Cependant, la façon dont on a pleuré spécifiquement la mort des journalistes et des policiers, au milieu des autres victimes, et la façon dont le journal Charlie Hebdo a été érigé en symbole, traduit bien le fait que la solidarité qui s’est exprimée à cette occasion est une solidarité de classe et nous en voulons pour preuve, outre la composition sociale des manifestations, la façon dont le flicage a aussitôt été resserré dans les quartiers populaires autour de « l’apologie du terrorisme » et notamment dans les écoles autour du non- respect des minutes de silence imposées, et qui s’est traduite par une mise en collaboration étroite des institutions scolaires et policières. Les classes populaires ont massivement boudé les manifestations « Je suis Charlie », et les réactions d’indifférence, d’agacement, voire de satisfaction vis-à-vis des attentats, si elles ont été montées en épingle dans la presse pour stigmatiser les classes populaires, n’en sont pas moins une réalité. Les rédacteurs du journal Article 11 ont beau jeu de déclarer « cracher à la gueule » de ceux qui se sont réjoui des attentats, mais encore une fois il ne s’agit pas de l’expression d’une somme de divergences de « moralité personnelle » chez des individus épars mais de l’éruption d’une ligne de fracture sociale. Si la haute bourgeoisie et les classes- populaires ont leurs formes de sociabilité et de solidarité, le sentiment de « communauté » est ce qui manque le plus aux classes- moyennes, elles sont donc extrêmement sensibles aux appels à la « communion de masse », et il est très facile d’instrumentaliser cette nostalgie diffuse de la « communauté » par un discours patriotique et moraliste. Les manifestations de masse (plus de 4 millions de personnes dans toute la France) témoignent aussi bien du pouvoir de mobilisation détenue par les classes dominantes que de la matière première qu’elles utilisent : le désir de tout en chacun de se sentir exister et de manifester une appartenance commune à « quelque chose ».

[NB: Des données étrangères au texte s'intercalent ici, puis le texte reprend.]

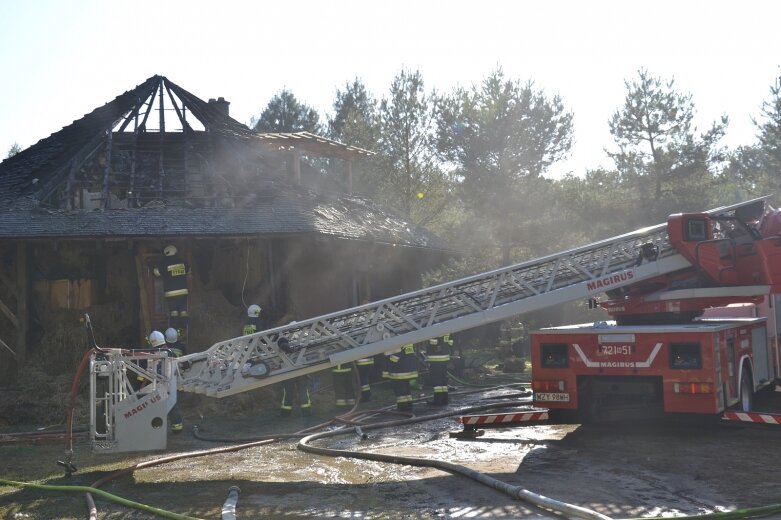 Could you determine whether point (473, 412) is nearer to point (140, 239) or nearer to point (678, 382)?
point (678, 382)

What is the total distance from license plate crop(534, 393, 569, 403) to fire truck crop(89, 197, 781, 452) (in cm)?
1

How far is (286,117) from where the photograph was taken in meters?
51.5

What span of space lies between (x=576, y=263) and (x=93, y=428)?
636cm

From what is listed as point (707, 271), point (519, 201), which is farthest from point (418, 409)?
point (519, 201)

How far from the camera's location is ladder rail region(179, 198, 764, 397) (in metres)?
10.1

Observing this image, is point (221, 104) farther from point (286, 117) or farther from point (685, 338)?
point (286, 117)

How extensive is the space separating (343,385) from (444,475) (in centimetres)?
635

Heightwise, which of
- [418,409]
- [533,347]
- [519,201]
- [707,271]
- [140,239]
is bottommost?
[418,409]

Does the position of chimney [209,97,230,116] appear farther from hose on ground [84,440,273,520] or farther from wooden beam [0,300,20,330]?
hose on ground [84,440,273,520]

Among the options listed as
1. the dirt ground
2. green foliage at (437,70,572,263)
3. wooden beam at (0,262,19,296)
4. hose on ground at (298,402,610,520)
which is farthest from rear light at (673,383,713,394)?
green foliage at (437,70,572,263)

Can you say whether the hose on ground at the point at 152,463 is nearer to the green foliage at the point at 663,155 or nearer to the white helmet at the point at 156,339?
the white helmet at the point at 156,339

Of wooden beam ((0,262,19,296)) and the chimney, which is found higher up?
the chimney

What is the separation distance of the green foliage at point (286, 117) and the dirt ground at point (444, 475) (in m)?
40.8

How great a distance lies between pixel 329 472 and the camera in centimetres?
885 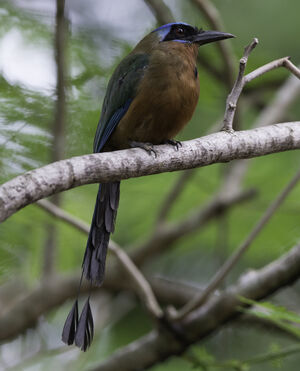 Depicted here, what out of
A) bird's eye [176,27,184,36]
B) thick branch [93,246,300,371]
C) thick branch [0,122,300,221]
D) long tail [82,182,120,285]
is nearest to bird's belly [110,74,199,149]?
long tail [82,182,120,285]

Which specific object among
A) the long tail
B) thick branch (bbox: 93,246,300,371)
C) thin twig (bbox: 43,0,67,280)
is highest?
thin twig (bbox: 43,0,67,280)

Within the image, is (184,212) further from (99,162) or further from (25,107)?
(99,162)

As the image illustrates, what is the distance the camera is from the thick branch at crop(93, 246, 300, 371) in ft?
10.7

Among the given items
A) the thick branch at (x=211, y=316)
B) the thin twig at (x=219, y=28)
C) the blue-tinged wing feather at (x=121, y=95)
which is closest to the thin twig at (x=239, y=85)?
the blue-tinged wing feather at (x=121, y=95)

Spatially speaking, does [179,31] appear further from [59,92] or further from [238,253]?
[238,253]

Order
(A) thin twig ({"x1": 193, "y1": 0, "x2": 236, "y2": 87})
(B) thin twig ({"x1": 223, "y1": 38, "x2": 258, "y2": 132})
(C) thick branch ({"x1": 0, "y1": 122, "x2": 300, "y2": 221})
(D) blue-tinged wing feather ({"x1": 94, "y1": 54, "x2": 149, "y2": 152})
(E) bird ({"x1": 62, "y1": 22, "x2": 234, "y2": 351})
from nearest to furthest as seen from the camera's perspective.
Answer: (C) thick branch ({"x1": 0, "y1": 122, "x2": 300, "y2": 221}), (B) thin twig ({"x1": 223, "y1": 38, "x2": 258, "y2": 132}), (E) bird ({"x1": 62, "y1": 22, "x2": 234, "y2": 351}), (D) blue-tinged wing feather ({"x1": 94, "y1": 54, "x2": 149, "y2": 152}), (A) thin twig ({"x1": 193, "y1": 0, "x2": 236, "y2": 87})

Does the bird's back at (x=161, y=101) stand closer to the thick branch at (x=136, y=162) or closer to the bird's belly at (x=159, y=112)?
the bird's belly at (x=159, y=112)

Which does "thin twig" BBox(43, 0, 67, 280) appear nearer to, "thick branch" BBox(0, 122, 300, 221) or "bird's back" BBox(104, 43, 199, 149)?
"bird's back" BBox(104, 43, 199, 149)

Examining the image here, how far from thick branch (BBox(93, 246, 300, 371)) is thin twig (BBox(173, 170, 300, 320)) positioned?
4.6 inches

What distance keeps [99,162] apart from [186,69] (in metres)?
1.27

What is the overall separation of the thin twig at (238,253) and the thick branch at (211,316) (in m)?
0.12

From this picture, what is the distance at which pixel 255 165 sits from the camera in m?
4.94

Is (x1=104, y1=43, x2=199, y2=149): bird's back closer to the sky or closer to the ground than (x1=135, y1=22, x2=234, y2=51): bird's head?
closer to the ground

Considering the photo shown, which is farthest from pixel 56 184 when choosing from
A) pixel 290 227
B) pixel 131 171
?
pixel 290 227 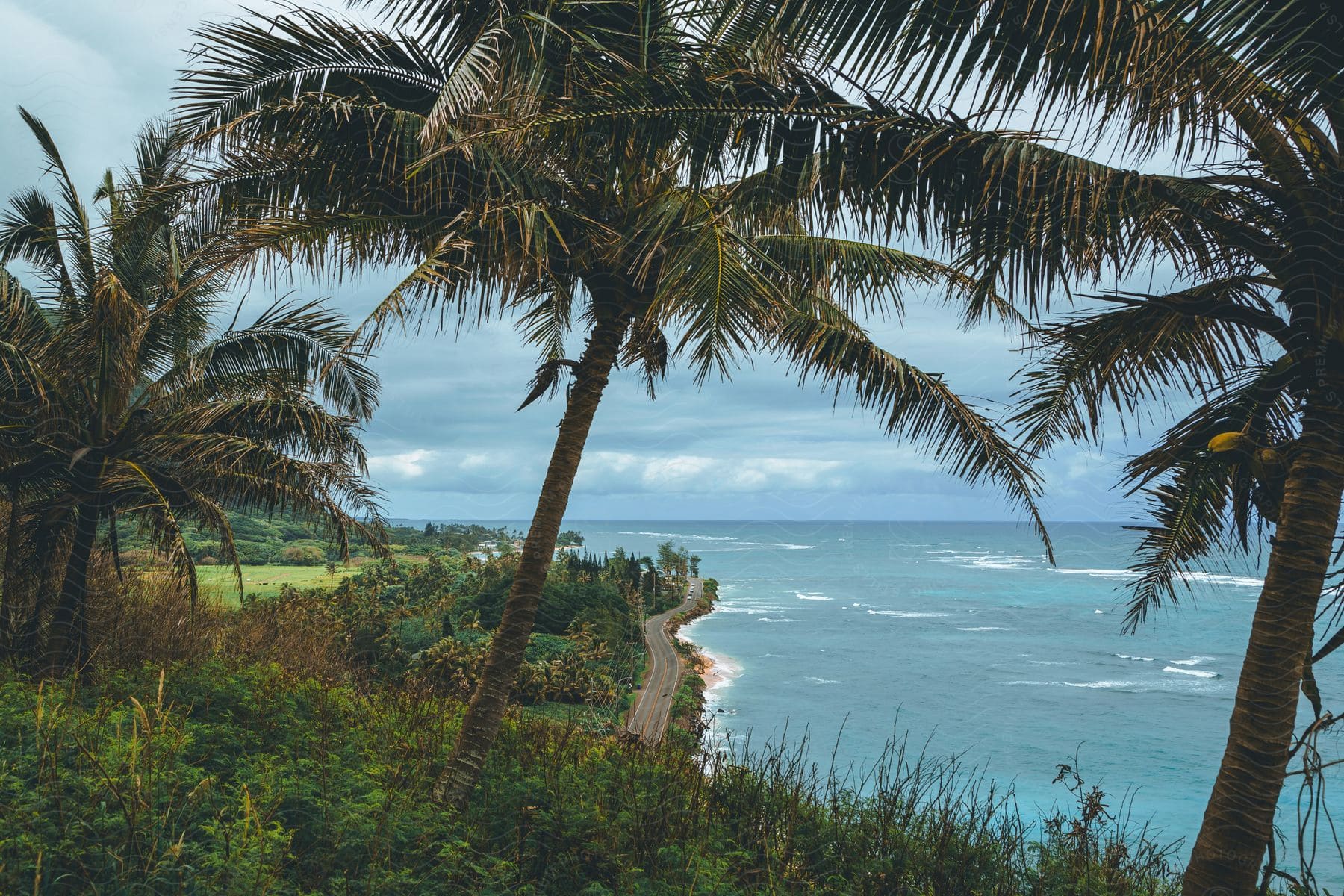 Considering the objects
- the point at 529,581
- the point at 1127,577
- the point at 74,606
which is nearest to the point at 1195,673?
the point at 1127,577

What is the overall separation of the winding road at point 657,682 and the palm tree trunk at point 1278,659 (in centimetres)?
1280

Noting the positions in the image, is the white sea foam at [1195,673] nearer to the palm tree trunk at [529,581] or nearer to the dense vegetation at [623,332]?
the dense vegetation at [623,332]

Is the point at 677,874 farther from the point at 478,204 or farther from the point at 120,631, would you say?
the point at 120,631

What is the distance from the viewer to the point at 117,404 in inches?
337

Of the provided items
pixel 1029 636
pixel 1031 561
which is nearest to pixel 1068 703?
pixel 1029 636

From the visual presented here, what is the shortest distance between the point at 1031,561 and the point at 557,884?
656 feet

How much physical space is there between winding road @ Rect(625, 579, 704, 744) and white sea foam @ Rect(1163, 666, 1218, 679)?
48.0 meters

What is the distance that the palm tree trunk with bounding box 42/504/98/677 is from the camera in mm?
8164

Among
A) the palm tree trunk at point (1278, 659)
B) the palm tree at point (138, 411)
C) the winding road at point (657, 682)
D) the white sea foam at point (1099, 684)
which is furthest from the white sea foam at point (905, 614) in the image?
the palm tree trunk at point (1278, 659)

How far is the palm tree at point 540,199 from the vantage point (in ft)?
14.6

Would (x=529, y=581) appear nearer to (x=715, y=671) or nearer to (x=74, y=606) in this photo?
(x=74, y=606)

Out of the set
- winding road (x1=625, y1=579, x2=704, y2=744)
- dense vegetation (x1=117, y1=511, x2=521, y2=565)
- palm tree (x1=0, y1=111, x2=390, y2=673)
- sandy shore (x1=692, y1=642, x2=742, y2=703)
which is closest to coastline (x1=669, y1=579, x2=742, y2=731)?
sandy shore (x1=692, y1=642, x2=742, y2=703)

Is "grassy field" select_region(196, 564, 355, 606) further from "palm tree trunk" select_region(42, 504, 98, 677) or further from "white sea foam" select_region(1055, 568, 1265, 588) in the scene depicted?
"white sea foam" select_region(1055, 568, 1265, 588)

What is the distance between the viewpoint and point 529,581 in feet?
19.7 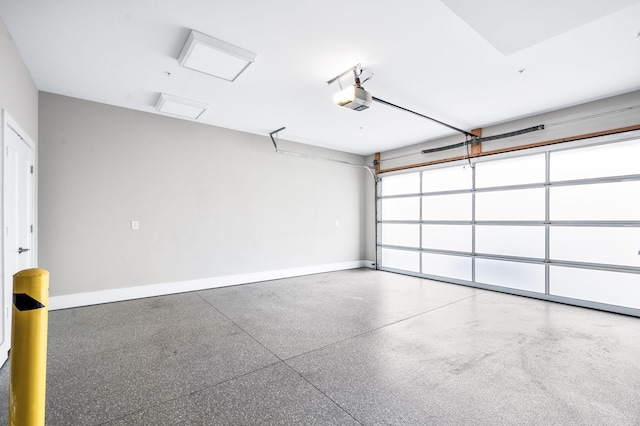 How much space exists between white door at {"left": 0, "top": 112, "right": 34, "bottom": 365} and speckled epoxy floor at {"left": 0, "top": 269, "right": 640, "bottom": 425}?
0.62 metres

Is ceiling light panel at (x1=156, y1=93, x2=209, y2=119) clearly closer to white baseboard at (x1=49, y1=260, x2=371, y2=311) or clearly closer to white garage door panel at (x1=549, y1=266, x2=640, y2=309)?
white baseboard at (x1=49, y1=260, x2=371, y2=311)

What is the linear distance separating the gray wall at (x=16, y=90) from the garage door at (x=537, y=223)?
636 centimetres

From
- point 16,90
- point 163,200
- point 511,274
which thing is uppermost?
point 16,90

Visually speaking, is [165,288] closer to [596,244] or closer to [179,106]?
[179,106]

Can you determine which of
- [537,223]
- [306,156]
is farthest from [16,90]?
[537,223]

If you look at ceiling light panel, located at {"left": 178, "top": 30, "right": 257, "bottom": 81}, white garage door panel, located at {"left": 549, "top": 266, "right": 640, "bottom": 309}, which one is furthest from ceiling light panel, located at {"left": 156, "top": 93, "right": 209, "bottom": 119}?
white garage door panel, located at {"left": 549, "top": 266, "right": 640, "bottom": 309}

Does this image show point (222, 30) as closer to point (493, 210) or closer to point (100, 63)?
point (100, 63)

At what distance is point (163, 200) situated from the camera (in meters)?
4.87

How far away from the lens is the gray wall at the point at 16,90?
2582mm

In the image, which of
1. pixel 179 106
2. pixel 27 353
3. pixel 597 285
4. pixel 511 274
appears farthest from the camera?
pixel 511 274

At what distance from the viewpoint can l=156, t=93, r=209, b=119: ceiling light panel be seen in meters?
4.12

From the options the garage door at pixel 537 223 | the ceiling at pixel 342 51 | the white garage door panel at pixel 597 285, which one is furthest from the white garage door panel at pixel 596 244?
the ceiling at pixel 342 51

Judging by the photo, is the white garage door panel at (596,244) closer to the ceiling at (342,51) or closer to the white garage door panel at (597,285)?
the white garage door panel at (597,285)

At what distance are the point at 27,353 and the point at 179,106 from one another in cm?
404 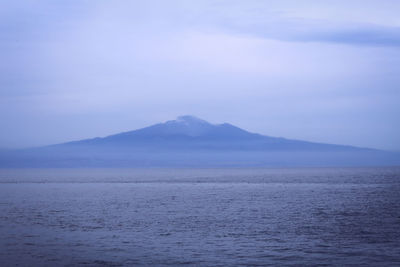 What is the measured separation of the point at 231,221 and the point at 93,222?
936 centimetres

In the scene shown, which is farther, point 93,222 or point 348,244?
point 93,222

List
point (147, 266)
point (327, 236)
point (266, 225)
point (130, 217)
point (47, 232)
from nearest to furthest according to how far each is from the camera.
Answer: point (147, 266)
point (327, 236)
point (47, 232)
point (266, 225)
point (130, 217)

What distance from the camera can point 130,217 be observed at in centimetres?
3784

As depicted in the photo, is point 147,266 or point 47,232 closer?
point 147,266

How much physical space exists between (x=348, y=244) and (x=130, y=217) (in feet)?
58.9

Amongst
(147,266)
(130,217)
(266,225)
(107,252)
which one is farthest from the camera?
(130,217)

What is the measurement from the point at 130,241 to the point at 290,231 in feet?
30.8

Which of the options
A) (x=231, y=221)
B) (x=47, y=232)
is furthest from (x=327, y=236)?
(x=47, y=232)

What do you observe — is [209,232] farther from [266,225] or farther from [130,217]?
[130,217]

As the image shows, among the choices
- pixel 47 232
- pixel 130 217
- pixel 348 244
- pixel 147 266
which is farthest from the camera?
pixel 130 217

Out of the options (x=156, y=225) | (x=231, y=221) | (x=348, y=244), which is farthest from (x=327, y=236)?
(x=156, y=225)

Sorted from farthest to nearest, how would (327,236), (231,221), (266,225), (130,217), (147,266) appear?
1. (130,217)
2. (231,221)
3. (266,225)
4. (327,236)
5. (147,266)

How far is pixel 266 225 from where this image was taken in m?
32.5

Comme nous refusons catégoriquement de porter un jugement moral sur ceux qui se sont instinctivement réjouis des attentats, pour tenter plutôt de mettre en relief ce discours avec la position sociale de ceux qui l’expriment, nous en ferons de même en refusant de cracher sur ceux qui ont éprouvé le besoin de manifester « Je suis Charlie ». Certains des manifestants exprimaient quelque chose de réel et de positif, à notre sens, au milieu cependant de toute la potentielle confusion de préjugés islamophobes et d’impensés politiques qui allaient avec.
Mais tout le pouvoir d’instrumentalisation des médias et du champ politique réside dans ce minuscule glissement entre ce que les manifestants exprimaient, et voulaient exprimer, et ce qu’on leur faisait dire.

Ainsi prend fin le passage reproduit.